RECORD EXTRACTS –
------------
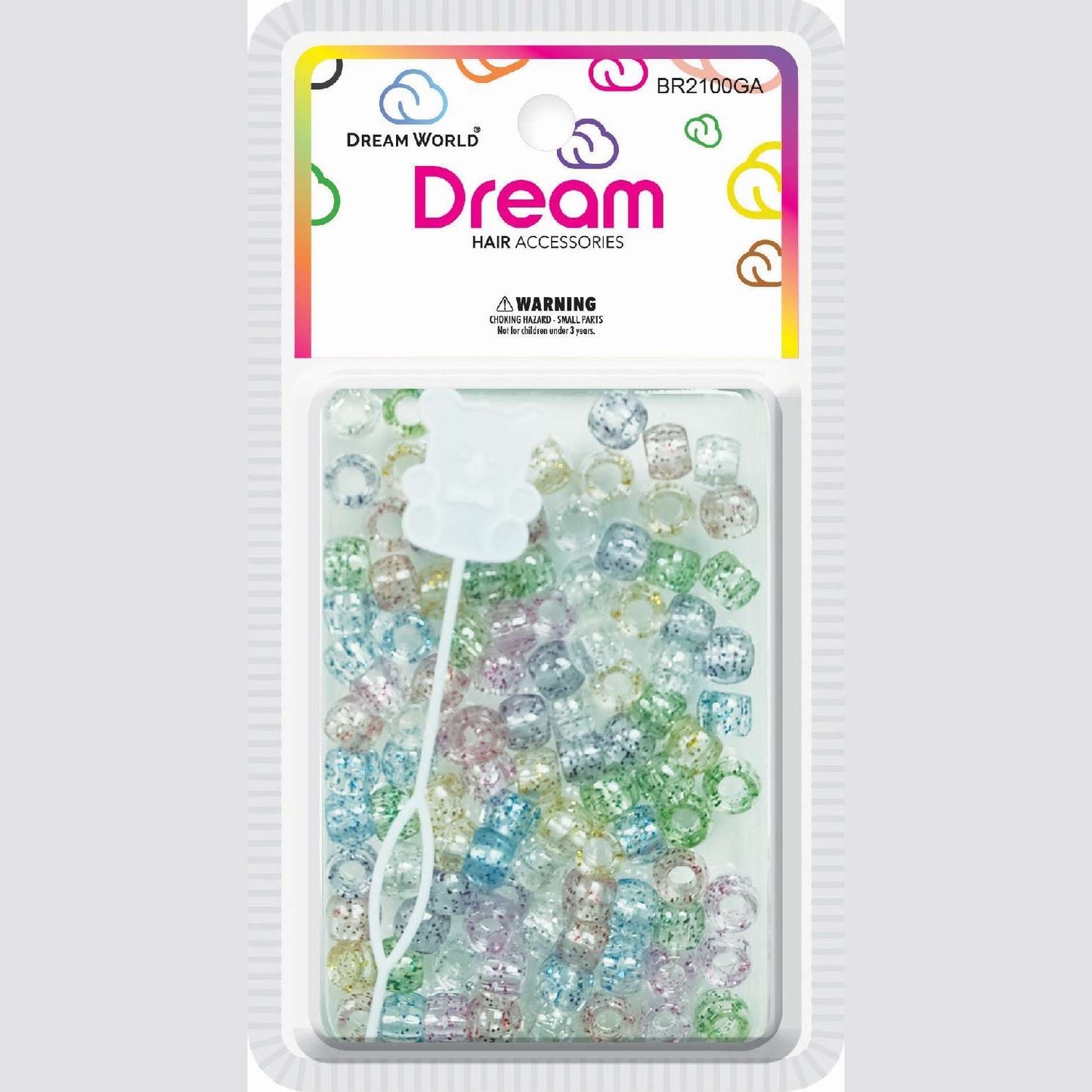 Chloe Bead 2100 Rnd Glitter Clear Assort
------------
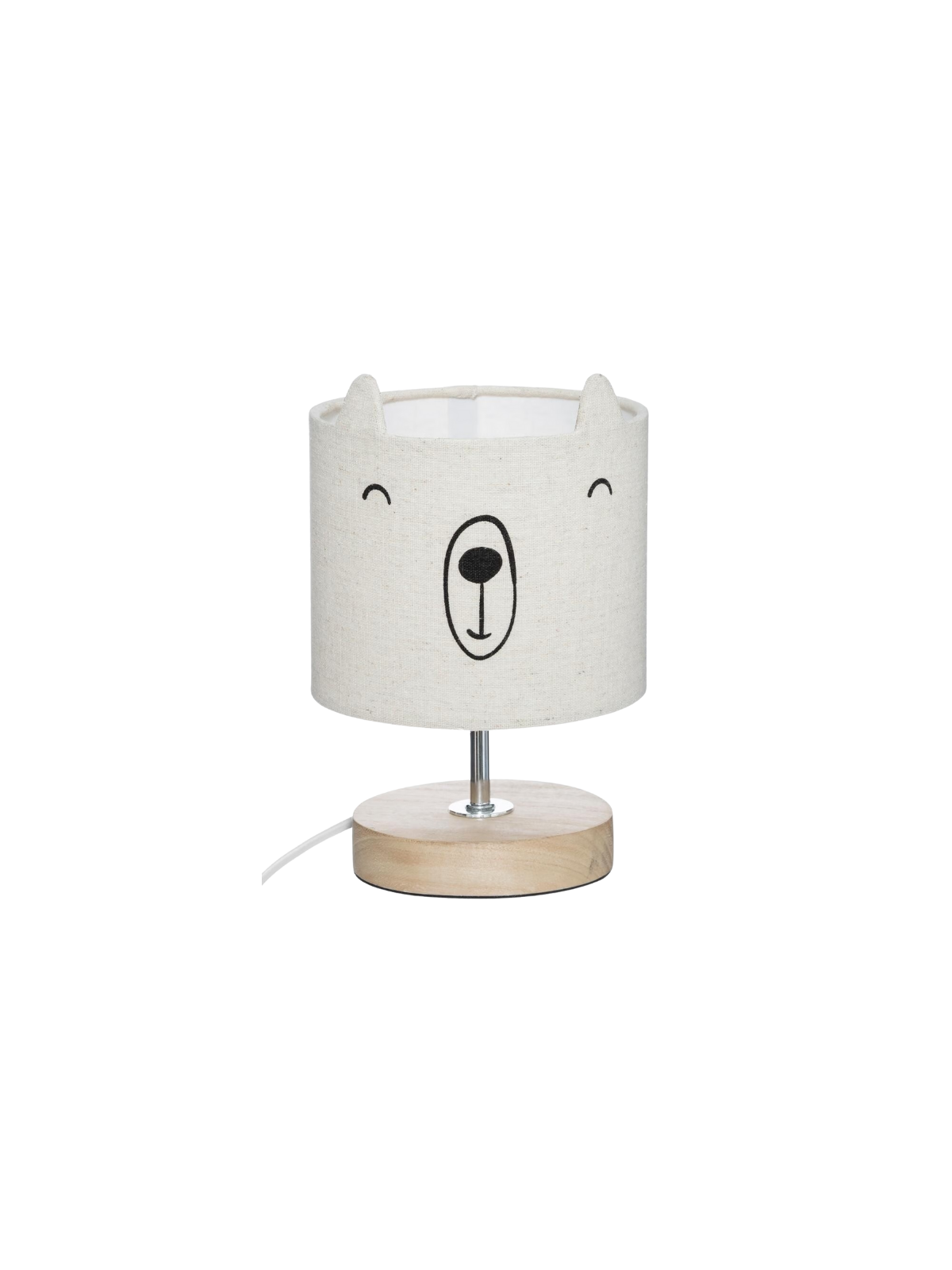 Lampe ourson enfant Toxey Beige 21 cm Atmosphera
------------
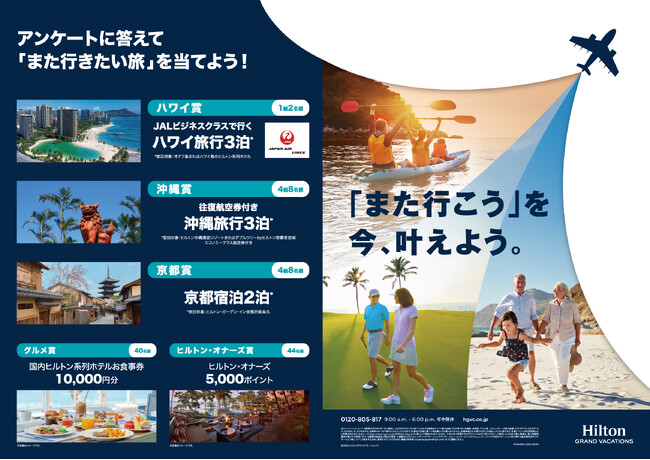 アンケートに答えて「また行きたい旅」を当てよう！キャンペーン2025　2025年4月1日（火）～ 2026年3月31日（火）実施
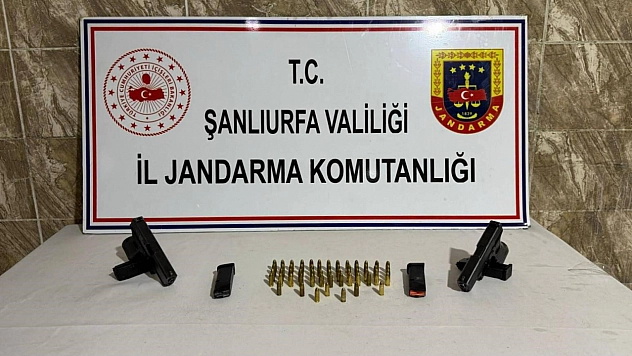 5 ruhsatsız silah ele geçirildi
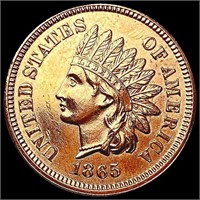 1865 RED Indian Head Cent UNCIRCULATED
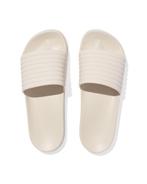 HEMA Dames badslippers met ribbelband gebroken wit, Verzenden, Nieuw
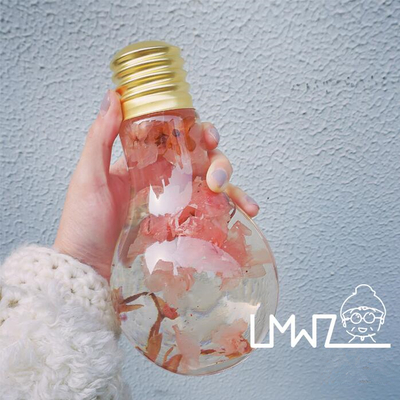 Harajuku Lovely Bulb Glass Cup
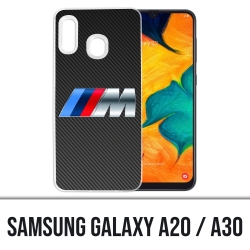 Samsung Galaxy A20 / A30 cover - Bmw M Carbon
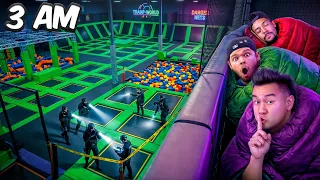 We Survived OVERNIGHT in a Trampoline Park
------------
YOUR OBJECTIVE – Although pictures appear among the records above, write out exactly only the lines from the one that has "Samsung Galaxy A20" through the one that has "We Survived OVERNIGHT in a Trampoline Park", and leave the pictures out.

ANSWER TO THIS PROBLEM –
 Samsung Galaxy A20 / A30 cover - Bmw M Carbon
 We Survived OVERNIGHT in a Trampoline Park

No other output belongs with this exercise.